---------- Dataset content
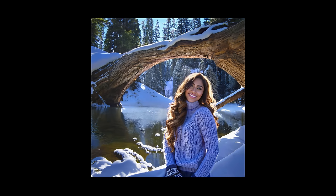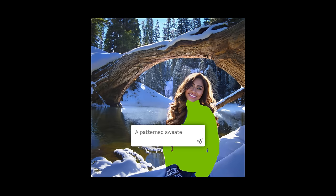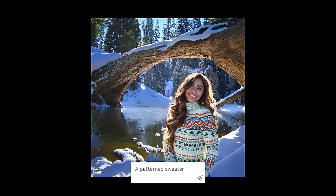iStock also allows you to modify specific elements in your image. For example, you can select a piece of clothing and iStock will generate new options that fit the space.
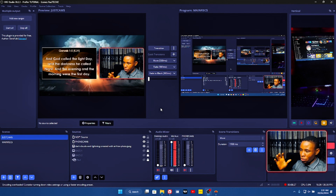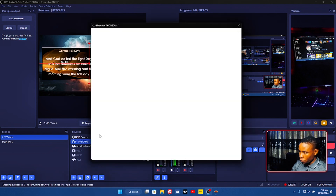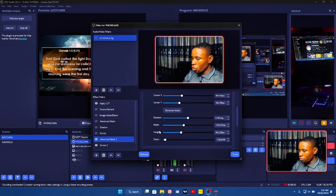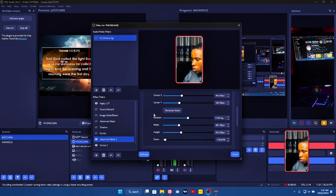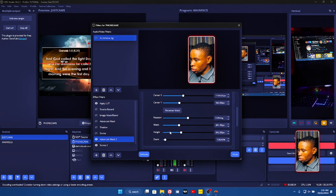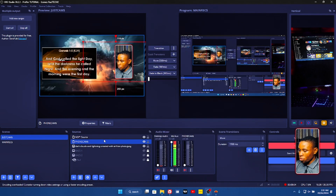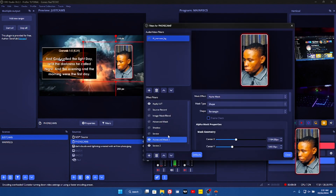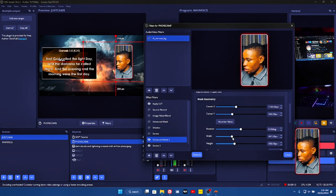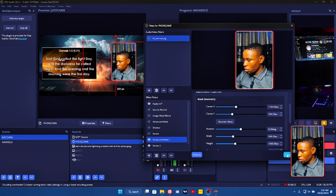Now if you don't want your live video feed to be on landscape and want it on portrait, here is how you can do that. Go over to your live video source, right-click, go over to filters, and where you have the Advanced Mask, what you need to do is reduce the width. Then use the X or Y to position it where you want it to be. Once done, you can increase the height to how you want it to look. Then close it.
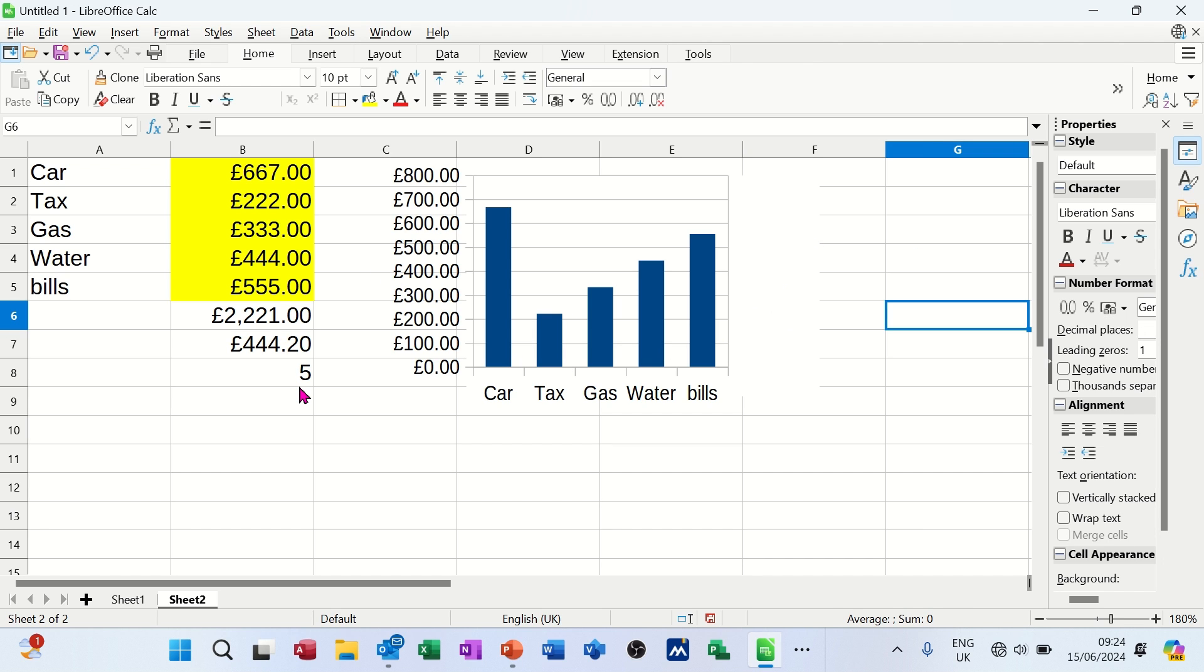So that's basically a very, very quick, basic start in how LibreOffice Calc works. So hopefully that was of use. Thank you for your time. I'll catch you in the next one.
--------------------
> **Task brief**:
What's needed is every line above, retyped exactly and free of pictures.

> **Reply to the exercise**:
iStock also allows you to modify specific elements in your image. For example, you can select a piece of clothing and iStock will generate new options that fit the space.
Now if you don't want your live video feed to be on landscape and want it on portrait, here is how you can do that. Go over to your live video source, right-click, go over to filters, and where you have the Advanced Mask, what you need to do is reduce the width. Then use the X or Y to position it where you want it to be. Once done, you can increase the height to how you want it to look. Then close it.
So that's basically a very, very quick, basic start in how LibreOffice Calc works. So hopefully that was of use. Thank you for your time. I'll catch you in the next one.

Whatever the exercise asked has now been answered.